Individual scenes provide enough sur­prises and wry obser­va­tions to seem fresh, the non-Clooney per­form­ances range from fine (Shailene Woodley as the teen­age daugh­ter) to ter­rif­ic (Robert Forster as the father-in-law) and the screen­play by Payne and Nat Faxon has some won­der­ful moments. I think my main prob­lem is a res­ol­u­tion that sees Clooney’s char­ac­ter hav­ing made a decision and learnt some­thing – but it’s not clear exactly what.

The Girl With the Dragon Tattoo posterDavid Fincher’s US remake of The Girl With the Dragon Tattoo is spir­ited and styl­ish com­mer­cial film­mak­ing in ser­vice of some fairly objec­tion­able sub­ject mat­ter. Daniel Craig plays embattled cru­sad­ing pub­lish­er Mikael Blomqvist, giv­en a way out of his fin­an­cial hole via an offer from Christopher Plummer’s wealthy indus­tri­al­ist pat­ri­arch. He enlists the help of goth hack­er Lisbeth Salander (Rooney Mara from The Social Network) and between them they turn into a 21st cen­tury Batman and Robin, fight­ing vil­lains who aren’t only seri­al killers but are also Nazis. Sheesh.

I hated the ori­gin­al ver­sion. I thought it had no redeem­ing fea­tures that could com­pensate for the unpleas­ant­ness.

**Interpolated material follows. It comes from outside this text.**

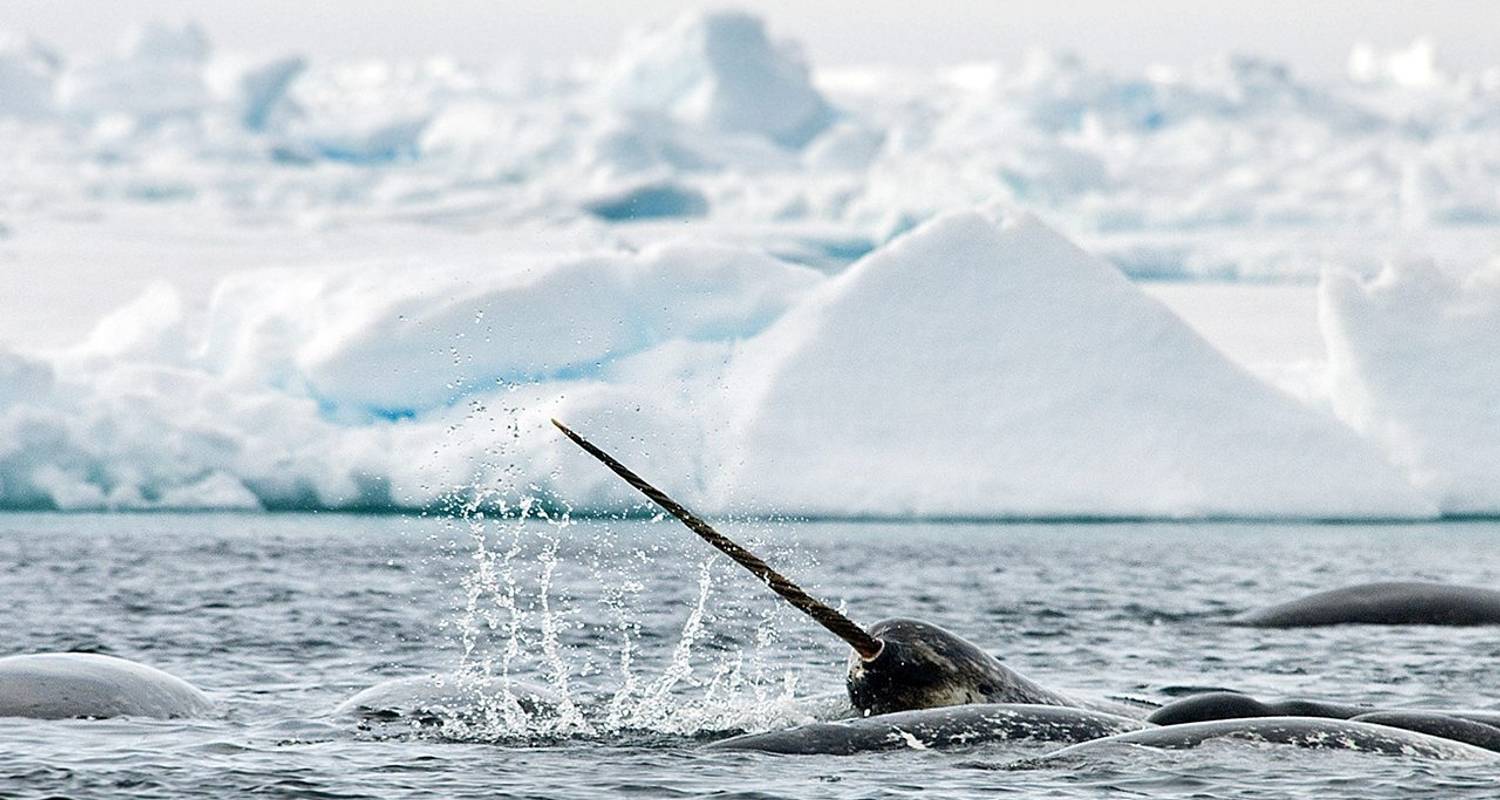 Narwhal & Polar Bear Safari - Arctic Kingdom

This ver­sion – screen­play by Steven Zaillian – tells the story more clearly, sets up the con­text for Blomqvist’s troubles and renders the “romance” between Blomqvist and Salander as cred­ible. I’ve come to really respect Fincher’s work as a dir­ect­or, elev­at­ing aver­age source mater­i­al and really nail­ing the good stuff like The Social Network. I just wish he had bet­ter taste in projects.

Young Adult posterYoung Adult is the second in – what I hope will be – Jason Reitman’s tri­logy of films about the empti­ness of mod­ern American life. Despite the pres­ence of Diablo Cody as screen­writer it feels much more like Up In the Air than Juno, as a cent­ral char­ac­ter real­ises that all of the assump­tions they had made to get them through life were not just false but act­ively not helping.

Charlize Theron, who won an Oscar for seri­al killer Aileen Wuornos in Monster, plays anoth­er mon­ster: Mavis Gary is a mod­er­ately suc­cess­ful author on the skids, return­ing to her dead-end small town home to try and win back her High School sweet­heart (Patrick Wilson) and return to the glory days when she was Queen of All She Surveyed. But Wilson is hap­pily mar­ried with a new baby and the only guy actu­ally listen­ing to Mavis is the former High School geek Patton Oswalt who has his own reas­ons for get­ting blotto every night.

Cody’s verbal vir­tu­os­ity is largely held in check here but the char­ac­ters are rich and their lives por­trayed with sin­cer­ity. Theron proves that he still has the chops des­pite not hav­ing a lead­ing role since the awful Hancock nearly four years ago. Young Adult also has the added qual­ity of only being 94 minutes long – just enough to tell the story and get the heck out. If only more films heeded that lesson.

Printed in Wellington’s Capital Times on Wednesday 25 January, 2012.

Postscript: After I sent this off to the paper I remembered that Jason Reitman’s first fea­ture was Thank You For Smoking which would make Young Adult the third in that tri­logy. So, as you were.